姜尚中(カン・サンジュン)/1950年熊本市生まれ。早稲田大学大学院政治学研究科博士課程修了後、東京大学大学院情報学環・学際情報学府教授などを経て、現在東京大学名誉教授・熊本県立劇場館長兼理事長。専攻は政治学、政治思想史。テレビ・新聞・雑誌などで幅広く活躍
問題は北朝鮮がどういうプロセスであれば核凍結に応じるのか(※写真はイメージ)
政治学者の姜尚中さんの「AERA」巻頭エッセイ「eyes」をお届けします。時事問題に、政治学的視点からアプローチします。
* * *
平昌(ピョンチャン)オリンピックとパラリンピックが無事に閉幕しましたが、このオリンピックを契機に朝鮮半島をめぐる政治も大きく動きました。
3月5日、金正恩(キムジョンウン)氏が韓国特使団と平壌(ピョンヤン)で会談し、4月末の南北首脳会談に合意しました。

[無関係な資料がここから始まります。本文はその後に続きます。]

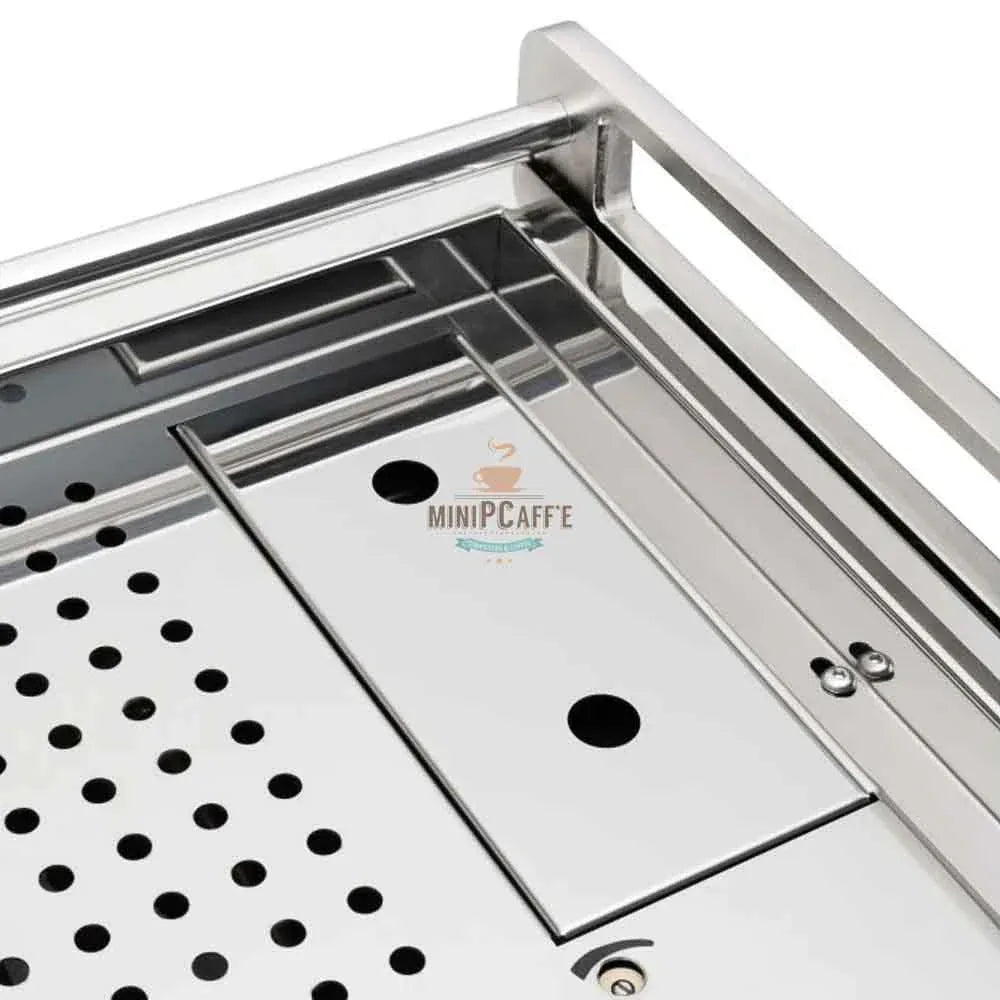 Rocket Boxer Tank Espresso Machine - MiniPCaffe.com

さらにはトランプ大統領が金正恩氏からの要請を受け入れ、5月までに米朝首脳会談に応じる意向を明らかにしました。
韓国の文在寅(ムンジェイン)政権は「盧武鉉(ノムヒョン)政権の轍は踏まない」という学習効果をしっかりと肝に銘じていたのだと思います。米韓関係を抜きにして南北だけの見切り発車では、結局は挫折することが痛いほどわかっています。平昌オリンピックの水面下で、何とか北朝鮮と米国とを引き合わせたのでしょう。

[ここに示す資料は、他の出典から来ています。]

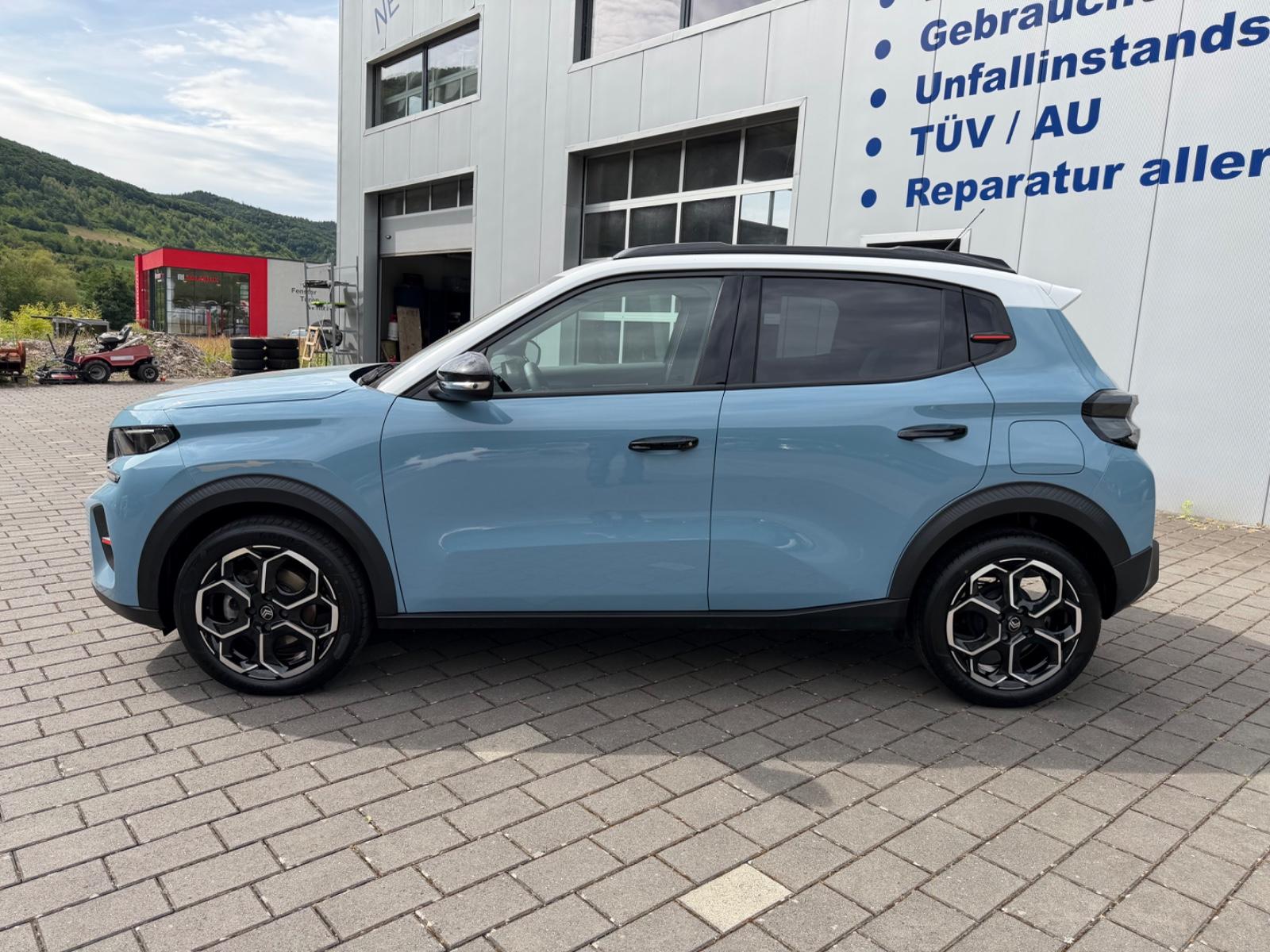Citroën C3 *Frontscheibenheizung*Sitzheizung*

今のところ北朝鮮は核・ミサイル凍結を約束していますが、ペンス副大統領が「北朝鮮が核開発終結に向けた永続的かつ検証可能で具体的な行動を取るまで、すべての制裁と最大限の圧力は続く」と声明を発表しているように、米国の一貫した「最大限の圧力」の姿勢は変わっていません。
しかし、圧力一辺倒だけでこのままごり押しした場合、北朝鮮側はレジームチェンジの試みだと理解するかもしれません。そうなれば強い反発が予想され、一気に米朝の危機的対立にまで切迫してしまいます。
核の凍結廃棄、休戦協定を平和協定へ。そして国交正常化、その次の段階で人権問題、北朝鮮内部の人道的問題への圧力と、いくつかの段階を踏んだアプローチが必要です。文政権のブレーンの補佐官が言うように、最大限の圧力の中の最大限の慎重さが必要です。これから春に向けて正念場を迎えます。その点でこの最大限の圧力と最大限の慎重さは、密接に組み合わされなければいけません。